There are many aspects to the annual rug show, and some of them are not apparent to the typical show visitor. The school demonstration programs are one such activity. Organized by Kathleen Mercer, grade-school classes are invited to the show on Thursday and Friday before the show is open to the public. Up to 200 students at a time come for three separate programs in which the Elders and their families demonstrate a variety of aspects of Navajo culture for the children. In addition to watching, students also have a chance to actually try their hand at a variety of things such as weaving, corn grinding, learning a few words of Navajo, and having their hair tied in a traditional Navajo hair bun.
Here students gather around Elders at their looms. The small loom in the center is used to give interested children a chance to try weaving.
Anna Jackson of Teesto is at her loom providing a chance to see actual rugs being created.
Leonard Holiday of Oljato shows a traditional ceremonial basket and explains its meaning and significance.

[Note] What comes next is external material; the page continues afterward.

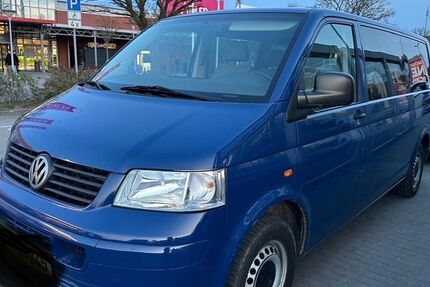 VW T5 Transporter 281.600 km 9.900 &euro; Rangsdorf 15834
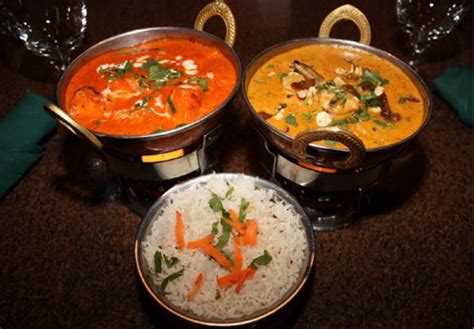 Top Restaurants in Seattle for Best Indian Food in Seattle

Robin Field-Williams is holding a model hogan with its roof removed. This gives students an opportunity to see what a traditional Navajo home is like.
Following a demonstration of corn grinding this young man has a chance to try it himself under the direction of Marty Whitehair.
Girls with longer hair can have it put up in a hair bun by Delorcita Francis of Round Rock.
At the conclusion of the programs children are treated to Navajo fry bread made by Mary Lou Gleason of Teesto.
In addition to being a unique educational and culturally enriching opportunity, the kids have a lot of fun.